Weak continuity of law

Question

Let $\mathcal{P}_2(\mathbb{R}^n)$ denote the set of all Borel probability measures on $\mathbb{R}^n$ with finite variance and weak topology. Let $X_t$ be a strong solution to the SDE with initial conditions $$ dX_t = \mu(t,X_t)dt + \sigma(t,X_t) dW_t, \mbox{ } X_0=x $$ for some Lipschitz-continuous functions $\mu$ and $\sigma$, and a Brownian motion $W_t$. Denote its conditional law $\mathbb{P}(X_t \in \cdot|X_0=x)$.
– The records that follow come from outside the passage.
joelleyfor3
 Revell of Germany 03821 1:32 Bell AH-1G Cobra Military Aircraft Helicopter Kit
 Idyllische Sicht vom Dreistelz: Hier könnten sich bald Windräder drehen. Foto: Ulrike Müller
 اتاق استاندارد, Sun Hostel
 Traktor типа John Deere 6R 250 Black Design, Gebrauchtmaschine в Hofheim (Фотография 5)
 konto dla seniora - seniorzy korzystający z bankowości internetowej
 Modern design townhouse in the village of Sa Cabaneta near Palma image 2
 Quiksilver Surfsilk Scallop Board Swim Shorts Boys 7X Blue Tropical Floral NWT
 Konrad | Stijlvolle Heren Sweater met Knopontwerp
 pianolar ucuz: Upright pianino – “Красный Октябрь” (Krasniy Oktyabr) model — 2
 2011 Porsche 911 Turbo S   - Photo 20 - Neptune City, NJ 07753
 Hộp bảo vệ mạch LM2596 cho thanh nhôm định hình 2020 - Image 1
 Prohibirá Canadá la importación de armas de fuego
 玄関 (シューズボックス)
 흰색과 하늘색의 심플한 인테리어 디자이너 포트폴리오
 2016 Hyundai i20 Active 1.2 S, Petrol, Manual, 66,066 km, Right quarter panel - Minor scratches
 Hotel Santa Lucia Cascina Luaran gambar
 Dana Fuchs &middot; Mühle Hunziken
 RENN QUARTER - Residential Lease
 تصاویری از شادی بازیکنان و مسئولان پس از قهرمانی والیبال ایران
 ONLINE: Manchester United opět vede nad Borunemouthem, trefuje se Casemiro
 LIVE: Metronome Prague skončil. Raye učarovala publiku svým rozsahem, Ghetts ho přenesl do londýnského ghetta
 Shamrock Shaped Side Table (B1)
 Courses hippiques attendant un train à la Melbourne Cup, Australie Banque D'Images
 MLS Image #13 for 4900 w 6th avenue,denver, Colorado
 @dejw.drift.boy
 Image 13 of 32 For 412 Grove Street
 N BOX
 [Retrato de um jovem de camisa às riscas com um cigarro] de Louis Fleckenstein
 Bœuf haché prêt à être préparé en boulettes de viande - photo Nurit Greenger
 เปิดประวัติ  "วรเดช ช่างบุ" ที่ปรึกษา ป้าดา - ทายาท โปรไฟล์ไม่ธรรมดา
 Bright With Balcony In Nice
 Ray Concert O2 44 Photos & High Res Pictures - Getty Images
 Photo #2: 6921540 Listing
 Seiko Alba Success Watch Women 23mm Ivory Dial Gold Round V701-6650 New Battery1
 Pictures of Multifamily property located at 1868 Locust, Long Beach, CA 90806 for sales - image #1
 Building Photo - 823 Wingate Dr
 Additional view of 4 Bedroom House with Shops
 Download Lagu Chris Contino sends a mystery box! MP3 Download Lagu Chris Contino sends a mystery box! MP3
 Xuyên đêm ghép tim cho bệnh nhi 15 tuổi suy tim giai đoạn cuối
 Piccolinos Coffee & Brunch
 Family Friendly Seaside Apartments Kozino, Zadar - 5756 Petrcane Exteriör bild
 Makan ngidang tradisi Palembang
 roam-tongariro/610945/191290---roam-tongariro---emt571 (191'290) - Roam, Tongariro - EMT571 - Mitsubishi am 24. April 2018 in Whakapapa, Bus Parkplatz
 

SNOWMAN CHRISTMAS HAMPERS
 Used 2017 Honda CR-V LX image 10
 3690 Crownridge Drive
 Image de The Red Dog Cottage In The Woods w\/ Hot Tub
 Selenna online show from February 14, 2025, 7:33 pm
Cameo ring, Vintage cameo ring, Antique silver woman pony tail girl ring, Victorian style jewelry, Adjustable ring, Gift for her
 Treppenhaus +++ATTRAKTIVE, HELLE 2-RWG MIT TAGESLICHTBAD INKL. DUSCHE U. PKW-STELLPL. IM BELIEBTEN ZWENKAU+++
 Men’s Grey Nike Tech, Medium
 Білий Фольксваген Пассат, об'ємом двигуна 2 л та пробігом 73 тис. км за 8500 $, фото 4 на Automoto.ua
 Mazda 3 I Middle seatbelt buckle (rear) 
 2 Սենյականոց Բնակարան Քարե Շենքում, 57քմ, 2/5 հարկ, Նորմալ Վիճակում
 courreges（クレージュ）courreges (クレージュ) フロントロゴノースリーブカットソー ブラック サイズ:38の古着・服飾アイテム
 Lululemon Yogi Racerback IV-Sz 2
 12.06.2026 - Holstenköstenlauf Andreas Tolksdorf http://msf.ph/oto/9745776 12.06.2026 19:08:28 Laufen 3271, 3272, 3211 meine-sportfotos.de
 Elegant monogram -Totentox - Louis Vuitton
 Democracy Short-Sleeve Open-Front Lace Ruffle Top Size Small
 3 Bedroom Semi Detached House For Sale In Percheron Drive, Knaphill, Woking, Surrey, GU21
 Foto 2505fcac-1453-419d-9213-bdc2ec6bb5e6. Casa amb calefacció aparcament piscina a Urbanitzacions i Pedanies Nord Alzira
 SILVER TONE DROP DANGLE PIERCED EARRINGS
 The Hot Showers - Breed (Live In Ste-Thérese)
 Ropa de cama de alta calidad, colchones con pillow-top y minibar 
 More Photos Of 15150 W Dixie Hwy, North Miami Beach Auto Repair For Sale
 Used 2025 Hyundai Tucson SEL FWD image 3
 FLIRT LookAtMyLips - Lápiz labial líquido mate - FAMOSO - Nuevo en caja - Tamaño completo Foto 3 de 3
My Question: Is the map $(x,t)\mapsto \mathbb{P}(X_t \in \cdot|X_0=x)$ from $\mathbb{R}^n\times [0,\infty)$ to $\mathcal{P}_2(\mathbb{R}^n)$ ever continuous?

Answer 1

You can write $$X_t-X_t'=x-x'+\int_0^t(\mu(s,X_s)-\mu(s,X_s'))ds+\int_0^t(\sigma(s,X_s)-\sigma(s,X_s'))dW_s $$ Then $$ \mathbb{E}(\|X_t-X_t'\|^2) \leq 3 \left(|x-x'|^2+a^2t\int_0^t \mathbb{E}(\|X_s-X_s'\|^2)ds + b^2\int_0^t\mathbb{E}(\|X_s-X_s'\|^2) ds \right)$$ with $a,b$ the lipschitz constant of $\mu$ and $\sigma$. You can therefore use Gronwall and get that for all $t\leq T$ we have $$ \mathbb{E}(\|X_t-X_t'\|^2)\leq 3|x-x'|^2\exp(Ct) $$ for some $C>0$. In particular it is continue as a function on $x$ in $L^2$ and then for the weak topology.

Similarly, one can estimate $\mathbb{E}(\|X_t-X_{t+\delta t}\|^2)$ to have the continuity as a function on $t$.